No pictures, everything else exact: set down the entries in full.

DATA below:

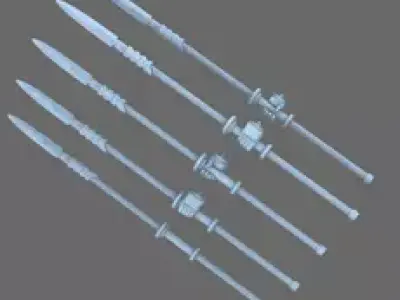 Cyber Samurai Yari Spears RIGHT 3D print model
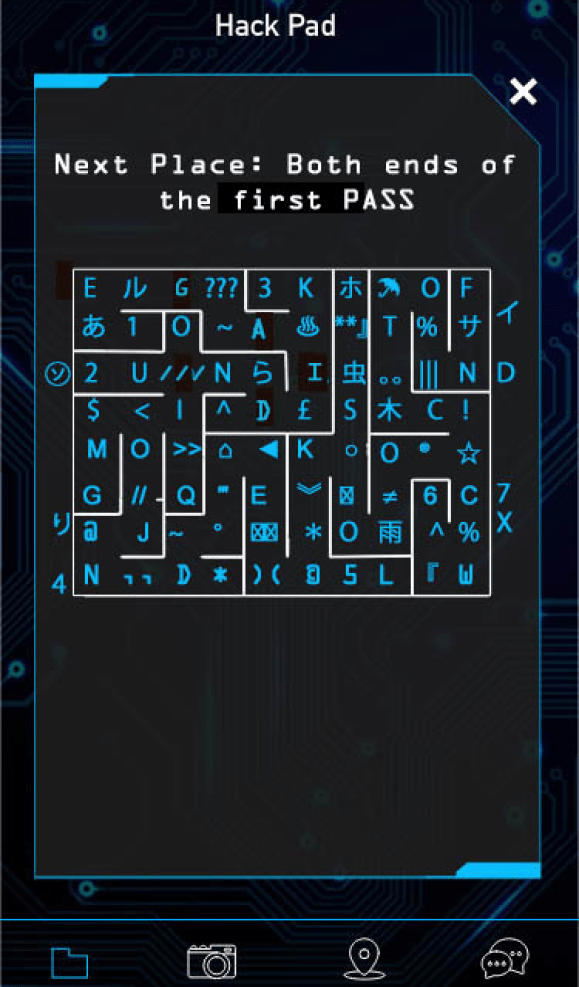 A rough prototype of the game, with a maze filled with various symbols and letters making up the bulk of the puzzle 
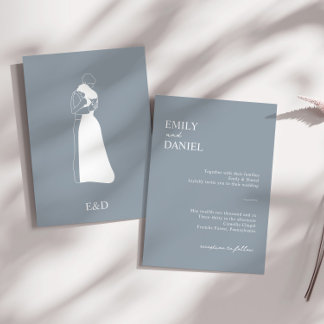 Dusty blue modern Hand Drawn Couple Wedding Invitation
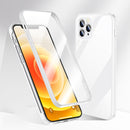 360 Full Coverage Glass Phone Case For iPhone 13 Pro Max(White)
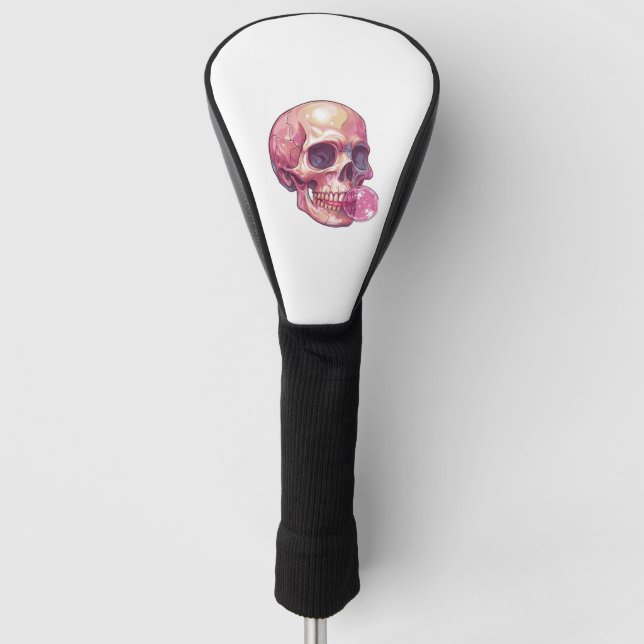 Bubble Trouble Skull � Funny Gum Skeleton Golf Headcover (Vorderseite)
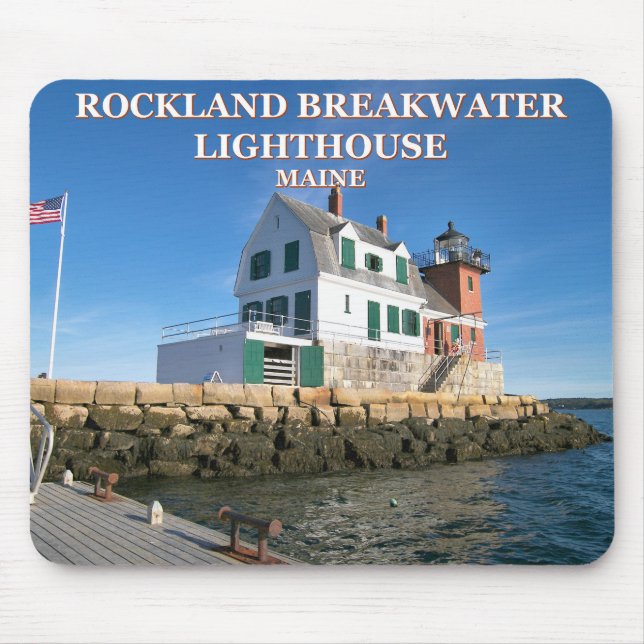Rockland Breakwater Lighthouse, Maine Mousepad (Front)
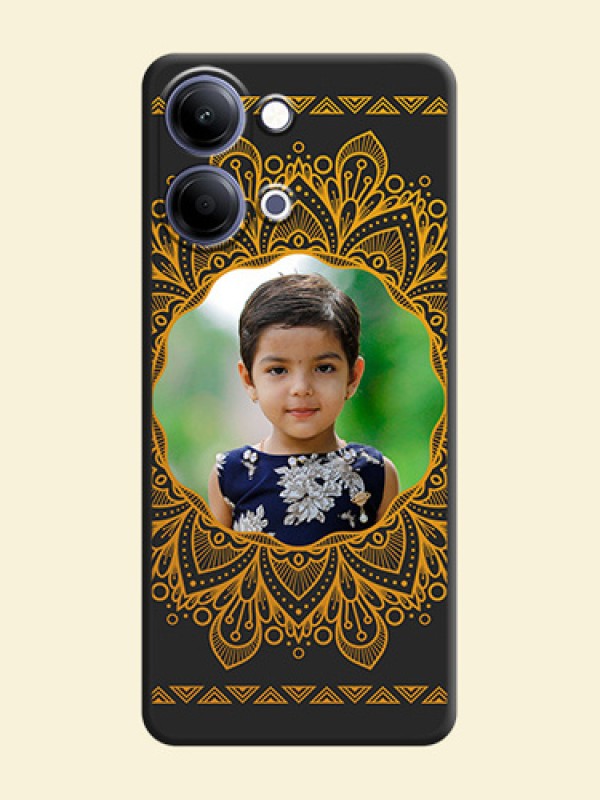Round Image with Floral Design On Space Black Custom Soft Matte Mobile Back Cover - Vivo Y11 5G
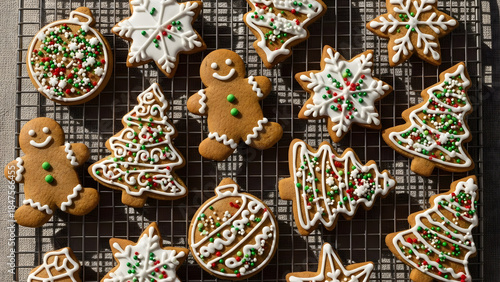 Festive Gingerbread Cookies on Cooling Rack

End of DATA.

ANSWER TO THIS TASK
 Cyber Samurai Yari Spears RIGHT 3D print model
 A rough prototype of the game, with a maze filled with various symbols and letters making up the bulk of the puzzle 
 Dusty blue modern Hand Drawn Couple Wedding Invitation
 360 Full Coverage Glass Phone Case For iPhone 13 Pro Max(White)
 Bubble Trouble Skull � Funny Gum Skeleton Golf Headcover (Vorderseite)
Rockland Breakwater Lighthouse, Maine Mousepad (Front)
Round Image with Floral Design On Space Black Custom Soft Matte Mobile Back Cover - Vivo Y11 5G
 Festive Gingerbread Cookies on Cooling Rack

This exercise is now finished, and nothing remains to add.